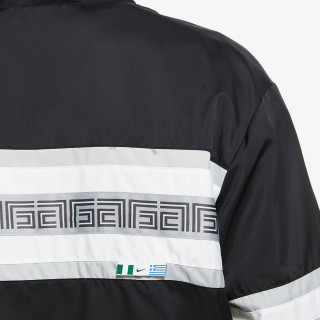 NIKE Trening GIANNIS M NK TRACK JACKET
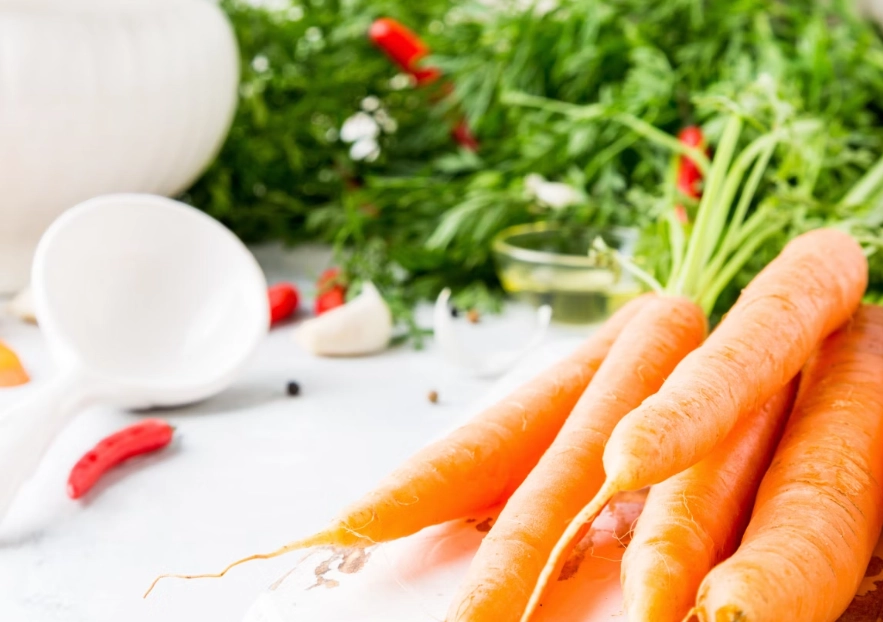 葉黃素副作用 葉黃素副作用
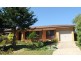 96 Bangalay Drive, Port Macquarie NSW 2444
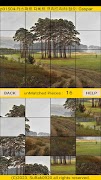 ttpuzzle15a ภาพหน้าจอ 6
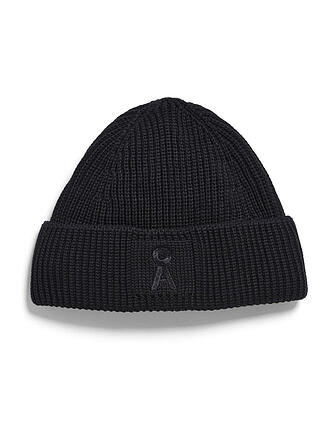 ARMEDANGELS | Bonnet - Cagoule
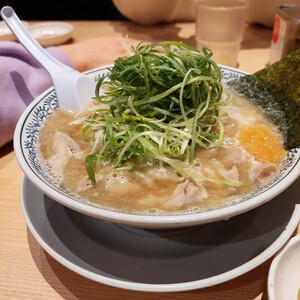 尾頭橋から山王 尾頭橋から山王
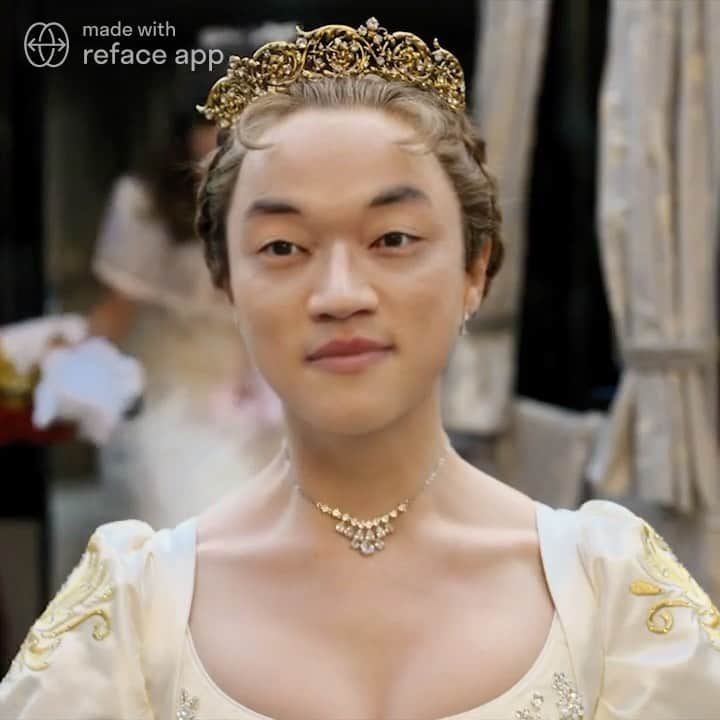 おばたのお兄さんのインスタグラム
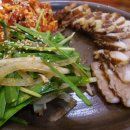 대흥점이화수전통육개장 이미지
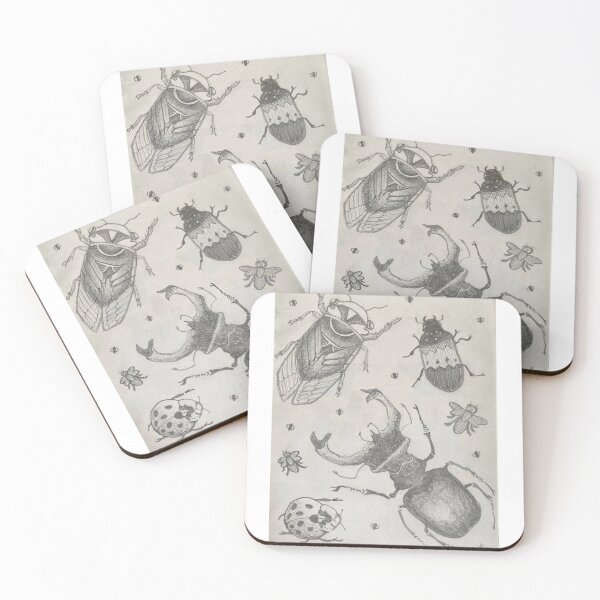 Item preview, calesa designed and sold by p0jambee.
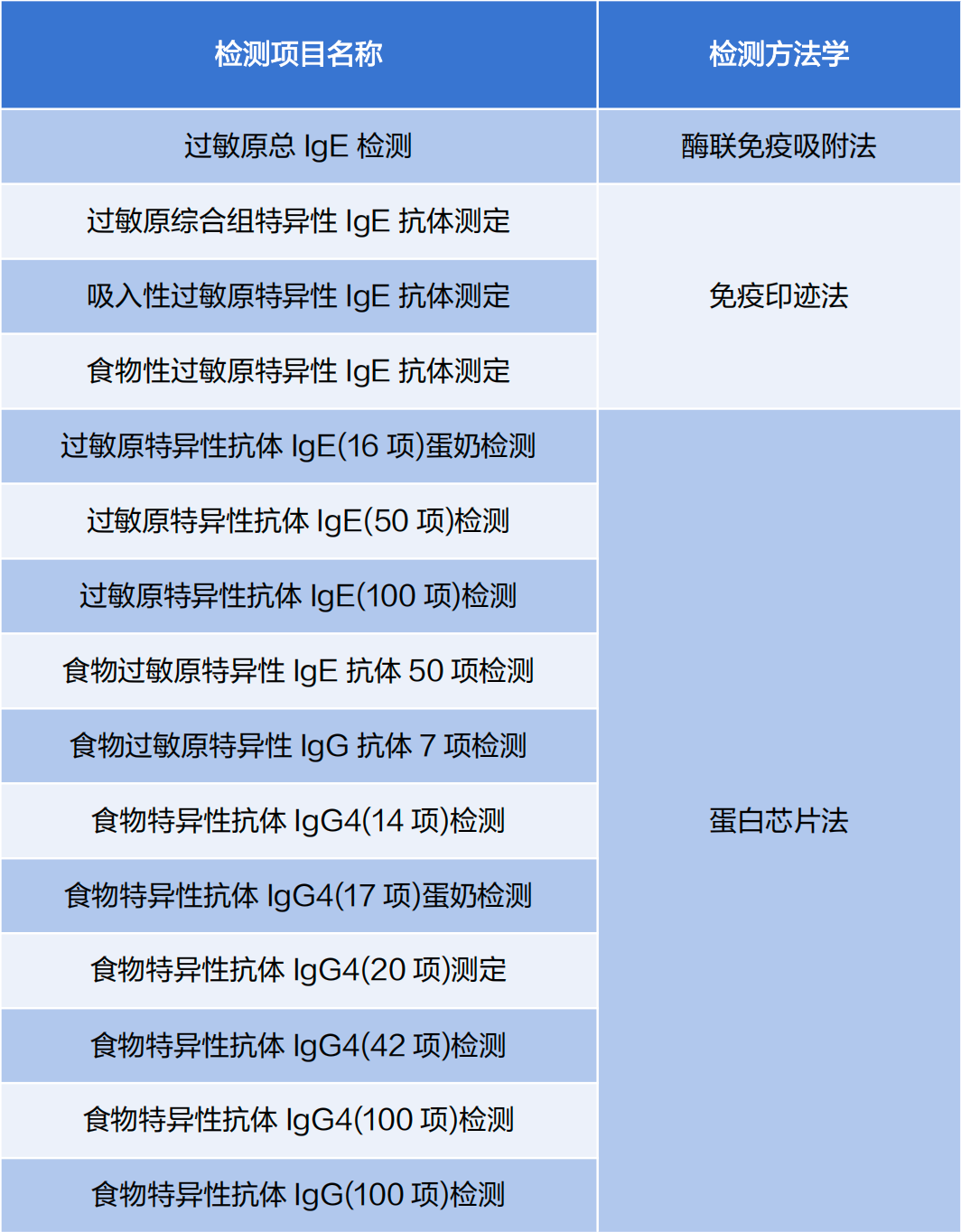 1752547224391322.png 2.png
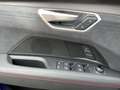 Audi e-tron GT RS  440 kW Head Up Display Navi Vollleder Weiß - thumbnail 15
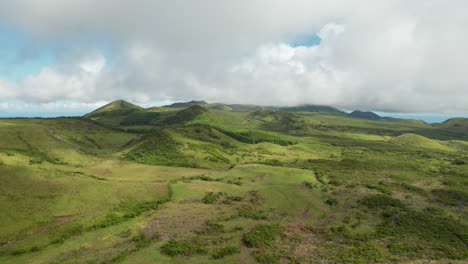 Hermoso-Patrimonio-Natural-Preservado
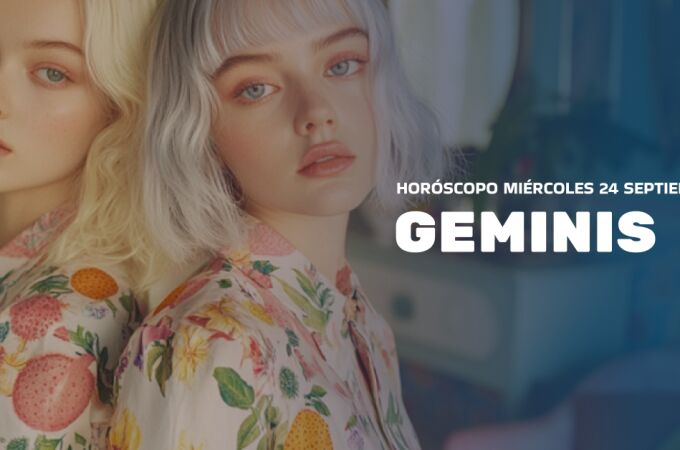 horoscopo_hoy_miercoles_24_septiembre_geminis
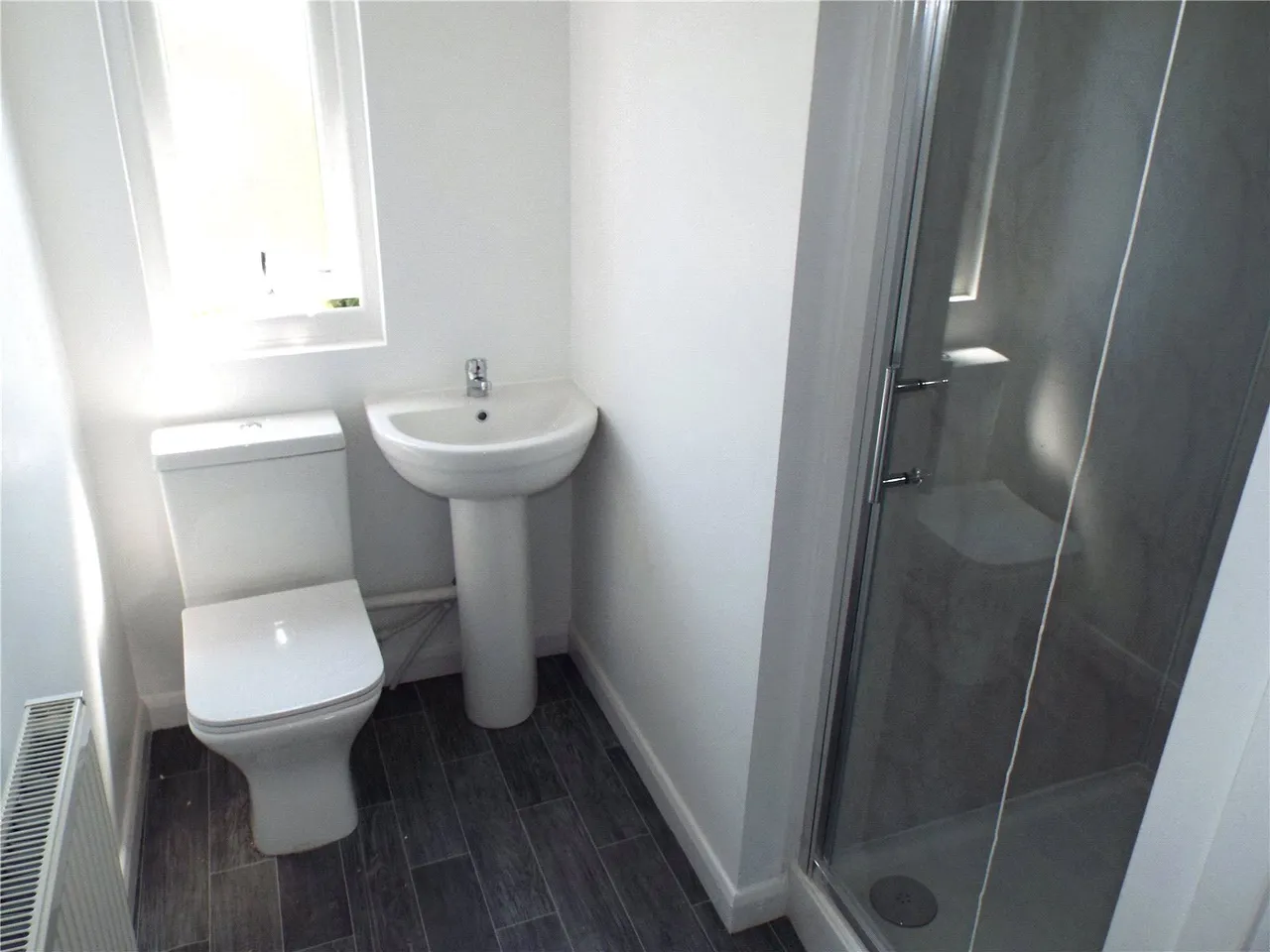 Goodman Street, Burton-on-Trent, DE14, photo 11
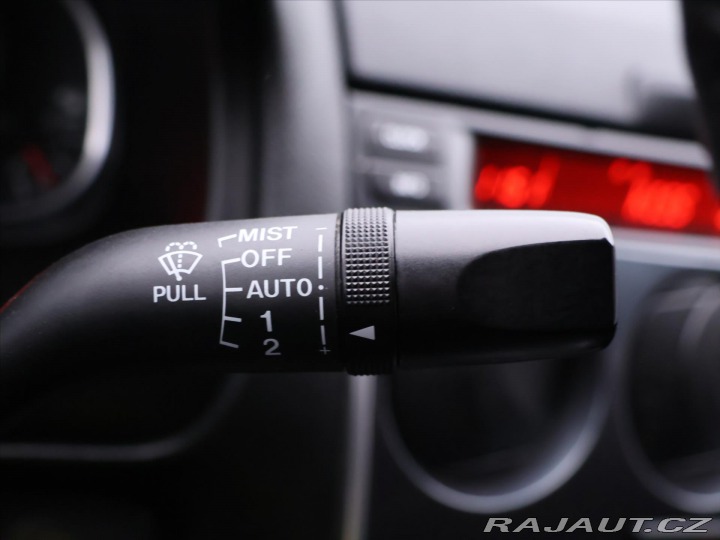 Mazda 6 2,0 i 108kW Aut.klima 2006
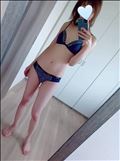 なつDAY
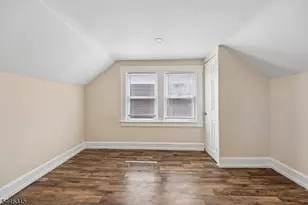 21 E 5th St, Clifton, NJ 07011 - Photo 36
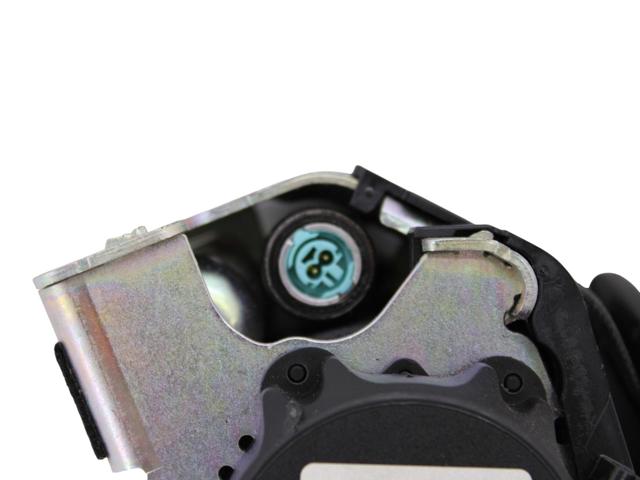 39836046 VOLVO купить в Киев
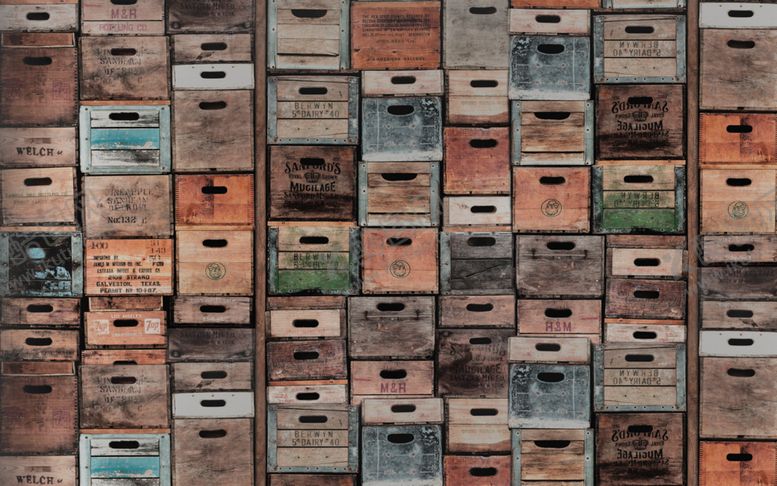 编号：46284709251625516082【酷图网】源文件下载-复古木板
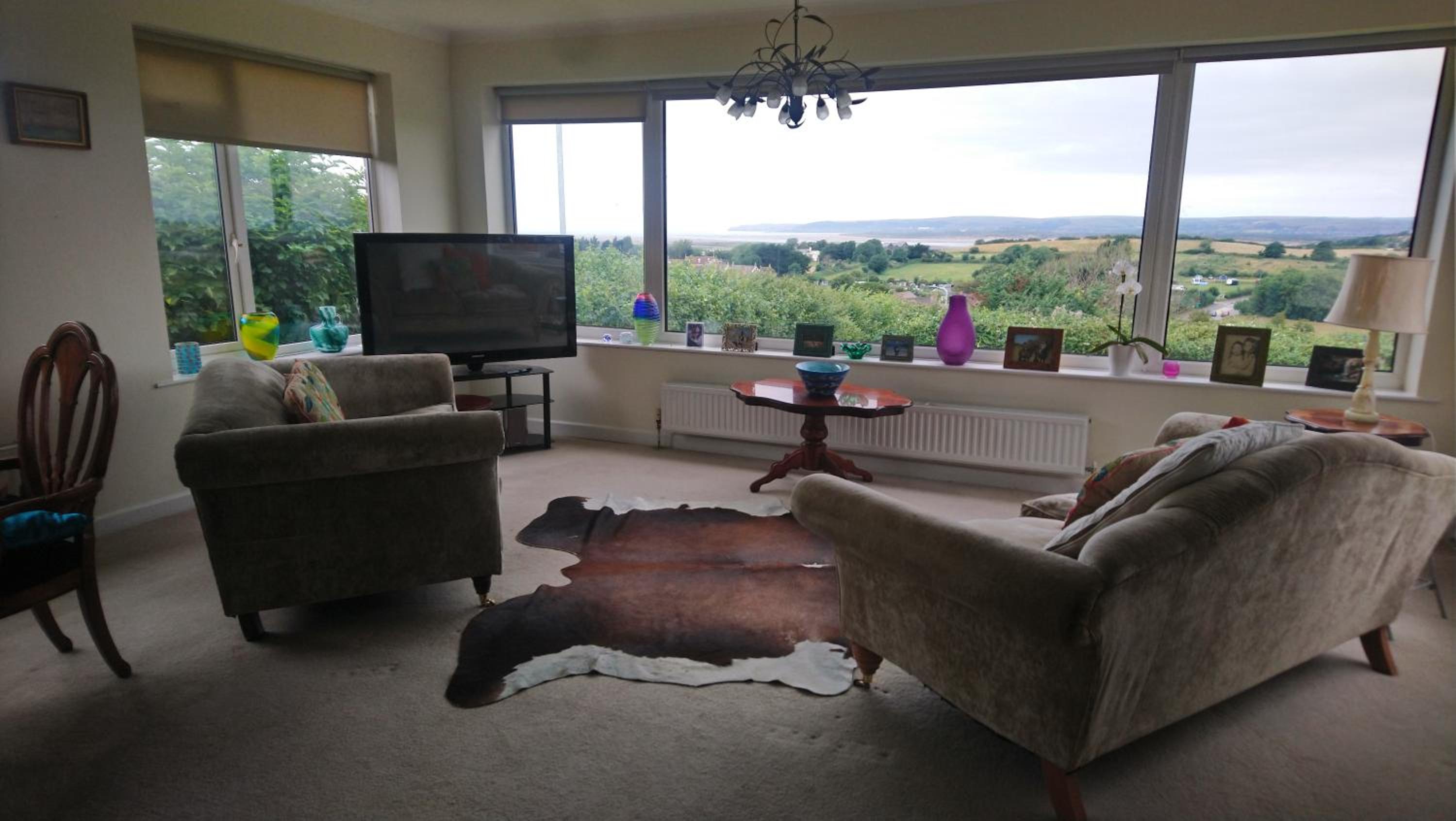 windmillhill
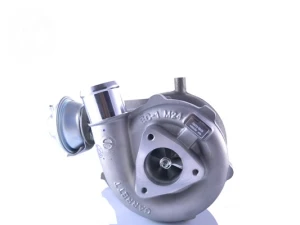 Renoveret turbolader Garrett 726372-5005S 726372-5010S 726372-5013S 726372-5014S 726372-5 726372-10 726372-13 726372-14 5001865225 14411DC001 14411DC00A 14411DC00B 14411DC01A 7701475400 7421158487 8201348774 7421050229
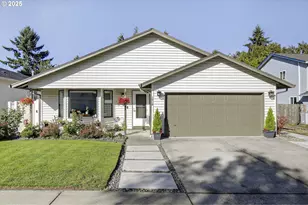 1210 SE 188th Ave, Vancouver, WA 98683 - Photo 1
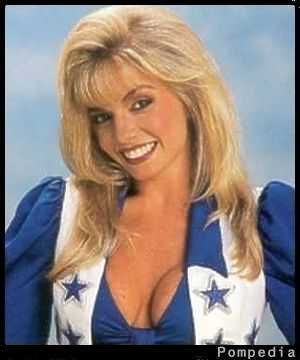 File:Dallas Cowboys Shanie Guyot 1995 Y1.jpg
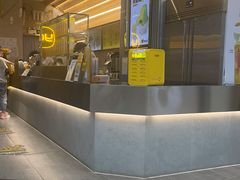 -YO!TEA有茶(坂田佳华领汇店)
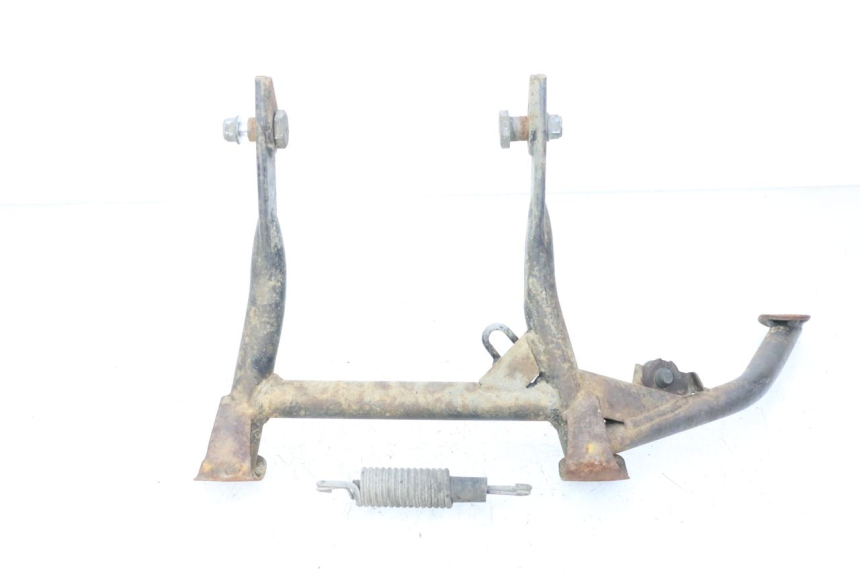 photo de CENTRAAL STANDAARD YAMAHA FJR ABS 1300 (2016 - 2020) - Hoofdaanzicht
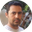 Ivan Granemann de Souza Junior.png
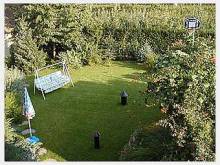 Pension U Kališů - Dolní Dunajovice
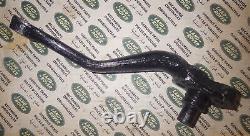 Gen Land Rover 88 109 Series 2 3 Swivel Pin Steering Lever LH RHD FRC2081 530989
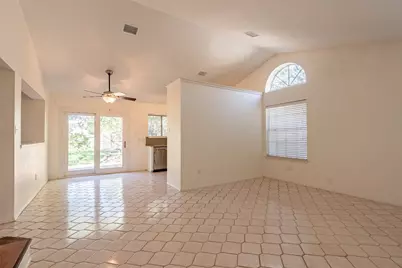 8202 Avocet Drive, Austin, TX 78745 - Photo 4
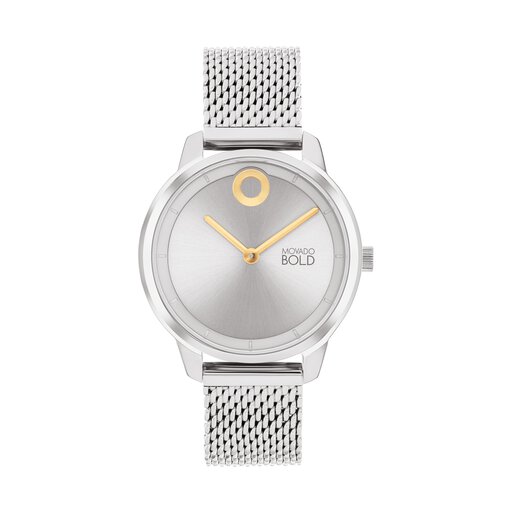 Trend Element Watch, 34mm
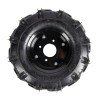 Roata motocultor Micul Fermier 5.00-8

======

What the exercise asks -
All pictures must be left out. Reproduce exactly the lines from the one containing "8202 Avocet Drive, Austin, TX" to the final line of the entries.

The completed task -
 8202 Avocet Drive, Austin, TX 78745 - Photo 4
 Trend Element Watch, 34mm
 Roata motocultor Micul Fermier 5.00-8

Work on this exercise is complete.